Marta, it’s her name, was born by cesarean section. Everything was planned, so I went to work and I went to visit my mother after she woke up from the operation. I left the Chinese restaurant still smelling noodles, spring rolls and Chinese rice. I was In the way to meet my new happy family. I went up to the tenth floor of the maternity yard, I looked for my mother and stayed besides her for a couple minutes. She was my primary concern. A 46 years old woman to give birth, although increasingly common, still takes many risks. I asked questions, I helped her to drink water through the straw (my mother was pretty sore after the impact of surgery) and talked to her for a few minutes while I clarified my doubts and calmed my fears. Until, although grateful but also dumbfounded, my mother asks: "Antonio, do you want to see your little sis?" Sister? How? Who? What? Oh yes! I have a sister! But, like, hum, duh ... maybe should have thought of it sooner, right? Anyway, who understands the subconscious? Spread a big laugh and went looking for the nurse who took me to the nursery room.

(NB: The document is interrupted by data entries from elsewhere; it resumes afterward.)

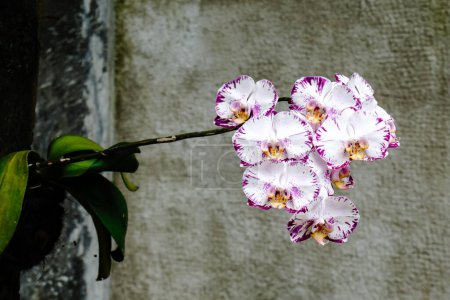 Beautiful flower of doritaenopsis artificial hybrid genus plant or moon orchid.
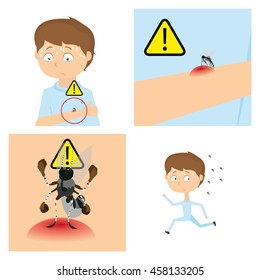 Set of illustrations for zika prevention, Vector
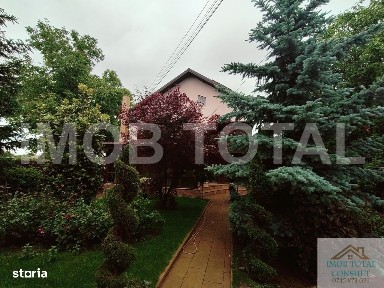 Central, Pitesti, Arges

And then that's when everything changed in my life and I fell in love. She was sleeping peacefully, with tiny hands close to each other near the microscopic jaw, and a huge mass of clothes and blankets on her. She looked so fragile, beautiful and unique. Marta transformed me. I have no children, so my only explanation is that maybe she has filled one side of me still asleep: the unconditional love. It was a feeling that had never felt. Today I am a better person thanks to Marta.